Por eso, la madrugada de ese jueves 15 de septiembre no pude dejar de preguntarme seriamente, porque tenía un poderoso argumento, el de la realidad, el de los hechos, si el Estado mexicano está perdiendo y en qué proporción la batalla –la guerra, sin duda, va para largo– contra la delincuencia organizada.

Por eso me puse a preguntar si no se impusieron ya los grupos delincuenciales pese a todos los esfuerzos oficiales. Los mensajes de las autoridades son optimistas, como debe ser. Pero la realidad, la cruda realidad, es otra. La gente ya no sale, los servicios públicos empiezan a colapsarse. Ahí es donde, pienso, se puede medir el avance o el agrado de avance de los delincuentes. Imponen su ley.

No me dejé de hacer algunas reflexiones, consideraciones. Me puse a pensar qué hace una familia que no tiene vehículo propio si a media noche o en la madrugada enferma alguien y necesita trasladarse a algún sanatorio u hospital cuando ya no hay servicio de taxis, que me dicen también que los radiotaxis dejan de prestar servicio muy temprano.

Viendo lo desolada que estaba la ciudad no pude dejar de imaginarme que así debe de ser cuando se impone un toque de queda, cuando se pierden las garantías constitucionales; cuando se decreta estado de sitio en un régimen de excepción, aunque aquí ni siquiera vi vehículos del Ejército o la Marina ni camionetas de la policía.
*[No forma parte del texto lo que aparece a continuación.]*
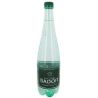 Badoit Bouteille Plastique D'Eau Pétillante Minérale Gazeuse De 50 Cl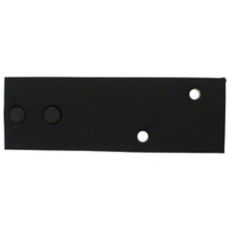 SH819W - SH819W - Landside Inner Plate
Soy de los que piensa que no debemos dejar de hacer nuestra vida habitual porque es aceptar las condiciones de los delincuentes y cederles el terreno, darnos por derrotados. Es necesaria, urgente la unión entre pueblo y gobierno, luchar a toda costa porque no se debiliten las instituciones porque también se debilita la seguridad de todos.

Pero el reto es para las autoridades, para el gobierno. Si ya tiene un enemigo declarado en la delincuencia organizada, corre el riesgo ahora, si no actúa a tiempo y con eficacia, de que pierda el apoyo, la base popular que lo sustenta. El quiebre ya se inició. Se comprobó el 15 y se confirmó el 16. Cómo revertir la situación es otro problema suyo.
 
Indudablemente necesita, entre otras cosas pero muy principalmente, de una estrategia mediática efectiva y de resultados que convenza, pero  de ya, urgentemente, porque ha perdido terreno, sin duda alguna.